I tried it and liked that they'd ship individual bags to my door for a reasonable cost. Didn't like that it ran right through my dogs. 

Like Kelly's, my guys have also done better on inexpensive Sam's/WalMart's Exceed/Maxximum Nutrition's 30/20 than Eukanuba and a number of other oft touted feeds. (But I usually feed Pro Plan performance or Purina One for maintenance.)


----------



## Mark Sehon (Feb 10, 2003)

GREAT stuff. People just over feed with this product. I use the 30/22. 2-3 cups(8oz) per day. Thats for working dogs. If you try to feed 4-5 cups a day, you will have more waste to pick up.


----------



## Angie B (Sep 30, 2003)

I love it!!!! It's becoming more available all the time. Contact the company and they'll try to set you up with a dealership near you....

Angie


----------



## Rick Hall (Jan 21, 2003)

Mark Sehon said:


> GREAT stuff. People just over feed with this product. I use the 30/22. 2-3 cups(8oz) per day...
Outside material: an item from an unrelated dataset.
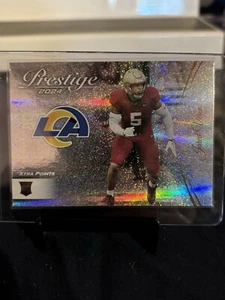 Panini Prestige 2024 - SP Rookies Xtra Points Galaxy #394 verso jared (RC) - Imagen 1 de 2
I heard that theory, too, but cutting back left me with emaciated dogs that still pooped piles. Wish it weren't so, as all those k-cals sure sounded good - but k-cals in the yard are wasted.


----------



## Mark Sehon (Feb 10, 2003)

Rick, I guess what works for me just will not work for you. Do you like to keep your dogs fat and heavy? I like to keep my dogs on the thinner side. I just do not see the piles that you are talking about. Good luck with your dogs.


----------



## Rick Hall (Jan 21, 2003)

double posted


----------



## Rick Hall (Jan 21, 2003)

Mark, my guys are worked virtually daily and kept quite lean, and "piles" are, of course, relative. In our case to Purina Pro Plan, One, Exceed or Maximum Nutrition. 

The Arkat feeds haven't been the only ones to disappoint, as we've seen the same with Eukanuba, PMI, Diamond and a well recommended feed store label, all of which use beet pulp for fiber. Since that ingredient is not used in the feeds we've enjoyed better results from, I suspect it has a laxative (and gas producing!) effect that's the culprit.


----------



## Angie B (Sep 30, 2003)

Actually Rick, I thought that Beet pulp firmed up the stools.... I think I read that on this forum.....

It just didn't work for you that's all. That's why there's so many brands of food out there. Some work better than others for some people.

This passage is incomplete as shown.